インフレ懸念が続く中国だが、その経済成長は目をみはるものがある。なかでも「飲食」業界は有望といわれ、この10年以上にわたって2ケタ成長が続いており、昨年の業界全体の売上は18%増の1兆7636億元(約21.4兆円)、今年は2.1兆元(約25.5兆円)に達すると見られている。その有望な市場を前に国内企業が勢力拡大を狙うのはもちろん、中国政府としても自国産業の発展につなげたいところだろう。
では、この巨大な潜在成長力を秘める中国飲食業界で最も儲かっている企業はどこかというと、実は中国企業ではなく、米国企業だということをご存じだろうか。

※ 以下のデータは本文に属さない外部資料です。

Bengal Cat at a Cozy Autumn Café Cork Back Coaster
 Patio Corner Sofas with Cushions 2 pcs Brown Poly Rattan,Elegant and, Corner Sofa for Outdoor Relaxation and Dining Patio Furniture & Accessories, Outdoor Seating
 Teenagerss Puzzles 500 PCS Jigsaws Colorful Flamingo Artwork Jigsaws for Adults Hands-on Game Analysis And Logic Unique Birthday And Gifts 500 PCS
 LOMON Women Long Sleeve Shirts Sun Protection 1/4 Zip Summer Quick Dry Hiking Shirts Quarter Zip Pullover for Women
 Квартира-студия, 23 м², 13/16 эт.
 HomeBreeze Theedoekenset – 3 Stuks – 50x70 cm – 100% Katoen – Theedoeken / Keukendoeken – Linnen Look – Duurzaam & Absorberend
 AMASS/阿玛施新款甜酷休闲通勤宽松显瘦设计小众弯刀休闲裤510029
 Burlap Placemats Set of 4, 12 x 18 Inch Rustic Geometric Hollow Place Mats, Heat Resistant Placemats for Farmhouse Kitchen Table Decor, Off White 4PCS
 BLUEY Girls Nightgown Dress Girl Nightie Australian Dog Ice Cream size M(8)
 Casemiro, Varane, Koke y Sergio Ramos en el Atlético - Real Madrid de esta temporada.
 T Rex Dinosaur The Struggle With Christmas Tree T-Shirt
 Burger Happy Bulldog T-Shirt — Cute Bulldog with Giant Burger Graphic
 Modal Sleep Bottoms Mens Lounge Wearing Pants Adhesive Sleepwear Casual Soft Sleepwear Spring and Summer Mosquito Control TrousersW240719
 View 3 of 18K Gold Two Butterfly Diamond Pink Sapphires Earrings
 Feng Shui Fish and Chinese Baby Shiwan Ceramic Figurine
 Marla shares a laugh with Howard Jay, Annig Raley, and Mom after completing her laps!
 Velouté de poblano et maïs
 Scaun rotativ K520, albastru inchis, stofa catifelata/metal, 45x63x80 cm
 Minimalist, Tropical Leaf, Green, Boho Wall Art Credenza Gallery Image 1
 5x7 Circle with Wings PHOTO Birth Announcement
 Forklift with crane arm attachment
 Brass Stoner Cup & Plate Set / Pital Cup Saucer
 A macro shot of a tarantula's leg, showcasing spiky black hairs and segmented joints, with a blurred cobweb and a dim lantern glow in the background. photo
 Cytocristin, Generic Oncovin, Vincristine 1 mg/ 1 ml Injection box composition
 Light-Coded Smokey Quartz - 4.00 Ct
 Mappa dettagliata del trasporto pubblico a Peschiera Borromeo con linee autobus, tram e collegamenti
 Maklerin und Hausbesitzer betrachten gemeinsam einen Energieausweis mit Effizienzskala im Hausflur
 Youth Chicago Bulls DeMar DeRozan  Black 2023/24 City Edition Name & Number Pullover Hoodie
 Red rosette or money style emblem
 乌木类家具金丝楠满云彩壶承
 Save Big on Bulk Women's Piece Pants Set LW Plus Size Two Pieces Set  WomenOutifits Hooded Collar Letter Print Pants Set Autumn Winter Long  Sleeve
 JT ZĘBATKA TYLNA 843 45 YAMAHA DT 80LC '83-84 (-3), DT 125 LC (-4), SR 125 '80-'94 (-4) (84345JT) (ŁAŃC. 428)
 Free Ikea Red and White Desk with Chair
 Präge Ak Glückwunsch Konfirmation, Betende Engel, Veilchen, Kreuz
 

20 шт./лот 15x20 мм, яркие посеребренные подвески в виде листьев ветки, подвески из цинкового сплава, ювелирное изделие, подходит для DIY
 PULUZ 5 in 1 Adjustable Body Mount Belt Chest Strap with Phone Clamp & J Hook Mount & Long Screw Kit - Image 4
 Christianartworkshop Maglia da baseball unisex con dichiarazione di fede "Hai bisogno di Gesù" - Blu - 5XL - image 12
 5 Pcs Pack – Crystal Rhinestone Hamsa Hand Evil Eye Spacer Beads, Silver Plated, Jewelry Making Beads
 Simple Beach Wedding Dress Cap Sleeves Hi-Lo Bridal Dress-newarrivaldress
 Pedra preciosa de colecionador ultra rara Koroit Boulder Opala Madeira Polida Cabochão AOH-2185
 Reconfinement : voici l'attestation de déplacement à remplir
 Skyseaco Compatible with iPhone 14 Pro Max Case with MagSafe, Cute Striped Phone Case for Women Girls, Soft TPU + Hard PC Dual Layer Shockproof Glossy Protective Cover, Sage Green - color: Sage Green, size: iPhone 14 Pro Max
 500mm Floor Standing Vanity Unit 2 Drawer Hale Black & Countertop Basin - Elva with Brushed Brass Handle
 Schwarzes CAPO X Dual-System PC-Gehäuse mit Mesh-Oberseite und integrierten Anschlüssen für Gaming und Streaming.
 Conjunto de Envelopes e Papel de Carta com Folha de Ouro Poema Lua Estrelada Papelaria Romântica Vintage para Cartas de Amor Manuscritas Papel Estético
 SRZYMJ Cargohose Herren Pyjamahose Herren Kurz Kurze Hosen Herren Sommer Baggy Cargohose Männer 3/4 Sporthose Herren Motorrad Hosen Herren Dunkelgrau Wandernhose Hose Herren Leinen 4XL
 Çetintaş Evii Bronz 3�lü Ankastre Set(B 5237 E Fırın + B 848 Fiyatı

最近ではITの分野でグーグルが中国から撤退した件は記憶に新しいが、飲食業界でもコカ・コーラによる中国の果汁飲料最大手・匯源果汁への買収案が中国商務部に却下されるなど、こと米国企業に対する風当たりは強い。国内企業からみれば天敵といえるだろう。
ところが、中国料理協会による2010年の中国飲食企業トップ10をみると、ずらりと中国企業が名を連ねるなか、1位は「ヤムブランズ」となっている。この社名、一見なじみが薄いが、実はケンタッキーフライドチキンやピザハットなどのファストフードチェーンを世界中で展開する、れっきとした米国企業なのだ。中国経済の動向に詳しい戸松信博氏(グローバルリンクアドバイザーズ代表)が解説する。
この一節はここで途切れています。